Savaş cadılarının sürprizinin ardından, reisler heyecanla yeni emirler yağdırdılar. Ancak vaan'ın alaycı, kendini beğenmiş bakışını gördüklerinde bir şeylerin yanlış olduğunu hemen fark ettiler.
“Durun! Bir şeyler ters gidiyor…”
“Hepiniz ayrım gözetmeksizin büyülerinizi yaparken hiçbir şey elde etmeden eğlendiniz mi? Evet, oyun süreniz bitti. Şimdi saldırı sırası bende.”
vaan saldırma niyetini açıkladıktan sonra aşırı şişirilmiş ateş bariyeri aniden parçalandı ve binlerce yoğunlaştırılmış ateş yumruğuna dönüştü.
Aynı zamanda yer, sanki anti-yerçekimi büyüsü altındaymış gibi aniden kalktı. Büyük toprak kütleleri, ateş yumruklarını kaplamadan ve kayalık, sert ve ağır bir dış kabuk oluşturmadan önce parçalandı.
“Binlerce Köpek Döven Yumruğumun tadına bak.”
Bam! Bam! Bam!
Çok sayıda kaya gibi ateş yumruğu savaş cadılarının üzerine yağdı, onları yüzlerine ve vücutlarının diğer kısımlarına çarptı, dişlerini kırdı ve kemiklerini kırdı.
“Ah, hayır…!”
Kayalık ateş yumrukları savaş cadılarını bombalarken, aceleyle oluşturulmuş kalkanlarını parçalayıp vücutlarına ağır darbeler vururken acı dolu feryatlar savaş alanında yankılanıyordu.
Sol, sol, sağ, sol yumruklar, sağ kroşe ve aparkat!
vaan görünüşte boş havayı sıkıştırırken, binlerce savaş cadısı onun neredeyse hareketleriyle birlikte hareket eden, kemik kıran kayalık ateş yumruklarının kurbanı oldu.
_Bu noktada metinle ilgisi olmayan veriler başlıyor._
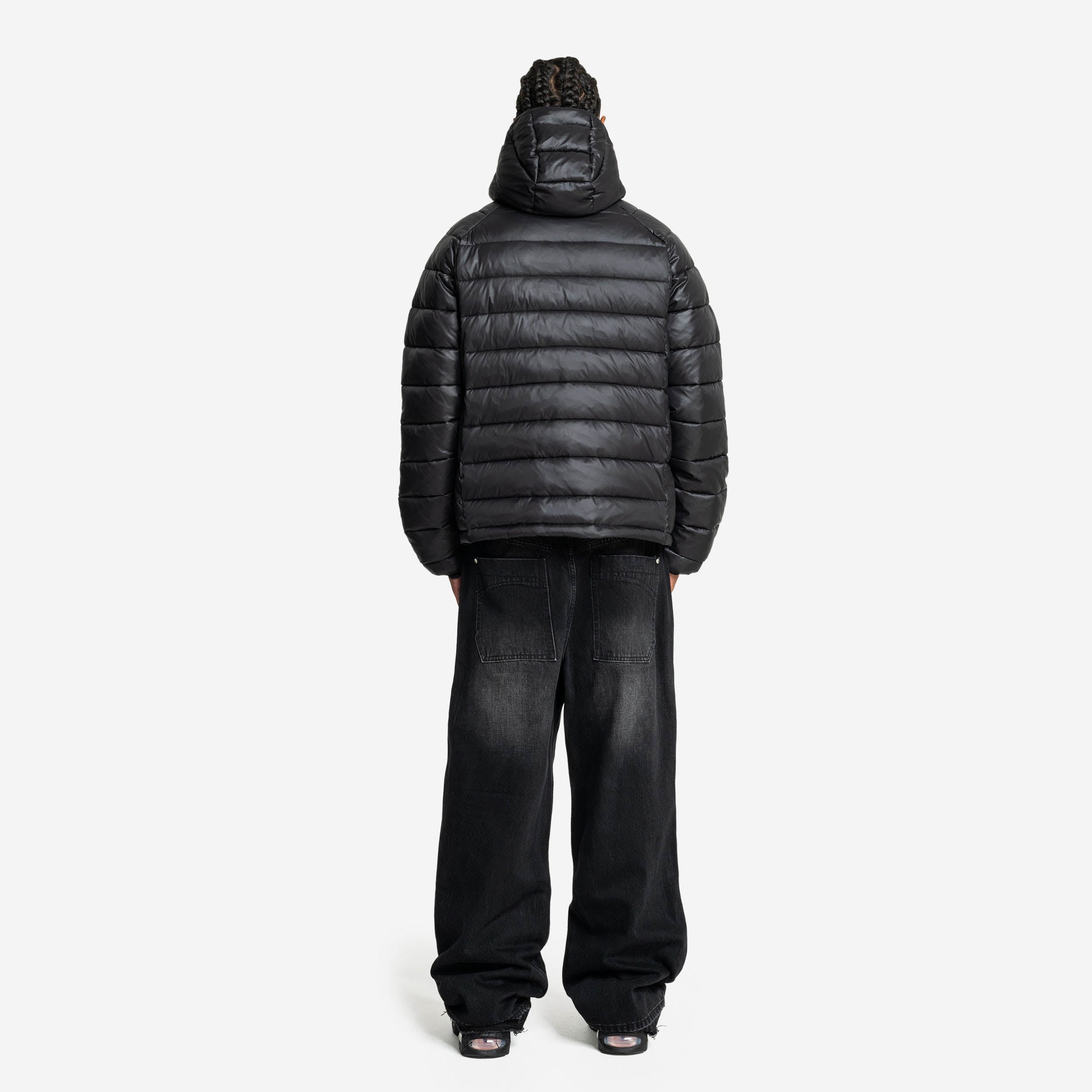 SLIM PUFFA JACKET BLACK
Elbette binlerce kaya gibi ateş yumruğunu kontrol etmek için fiziksel hareketler kullanmasına gerek yoktu ama yine de bir dereceye kadar yardımcı oldular. Çoğunlukla kişisel eğlence içindi.
“Ahh…! O çok güçlü!”
“Geri çekilin! Geri çekilin ve düzeni yeniden düzenleyin!”
Savaş cadıları umutsuzca vaan'ın sert ateş yumruklarına karşı savaşırken, reisler kaotik ve düzensiz kalabalığın ortasında emirlerini haykırıyorlardı.